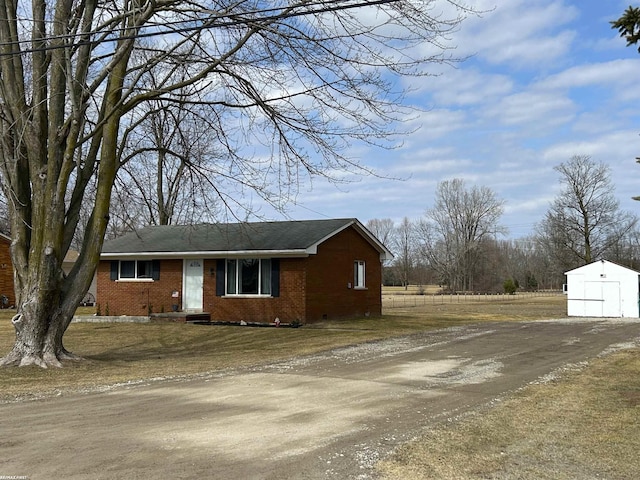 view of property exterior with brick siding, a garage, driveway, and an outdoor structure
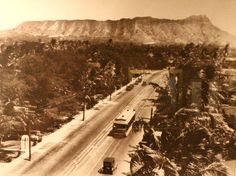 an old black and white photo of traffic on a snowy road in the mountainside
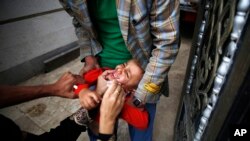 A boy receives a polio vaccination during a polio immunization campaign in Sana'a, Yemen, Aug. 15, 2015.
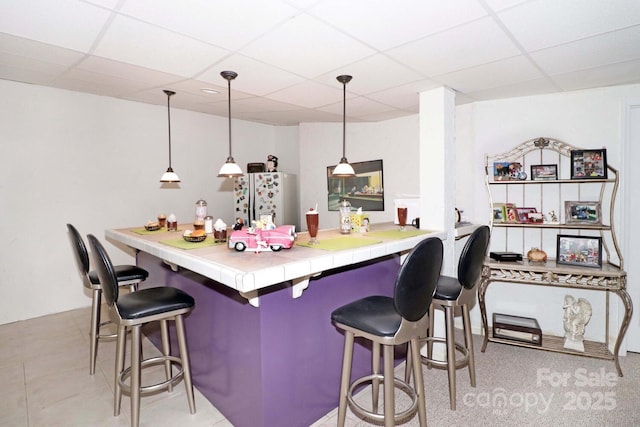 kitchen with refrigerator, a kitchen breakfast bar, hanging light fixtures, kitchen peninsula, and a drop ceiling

──────────

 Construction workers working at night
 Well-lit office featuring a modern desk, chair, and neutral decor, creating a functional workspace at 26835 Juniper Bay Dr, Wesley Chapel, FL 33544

──────────

Range to copy from the records above: the line containing "A boy receives" to the line containing "kitchen with refrigerator, a", both included. Output those lines exactly and only those, skipping pictures.

### Solution
 A boy receives a polio vaccination during a polio immunization campaign in Sana'a, Yemen, Aug. 15, 2015.
 kitchen with refrigerator, a kitchen breakfast bar, hanging light fixtures, kitchen peninsula, and a drop ceiling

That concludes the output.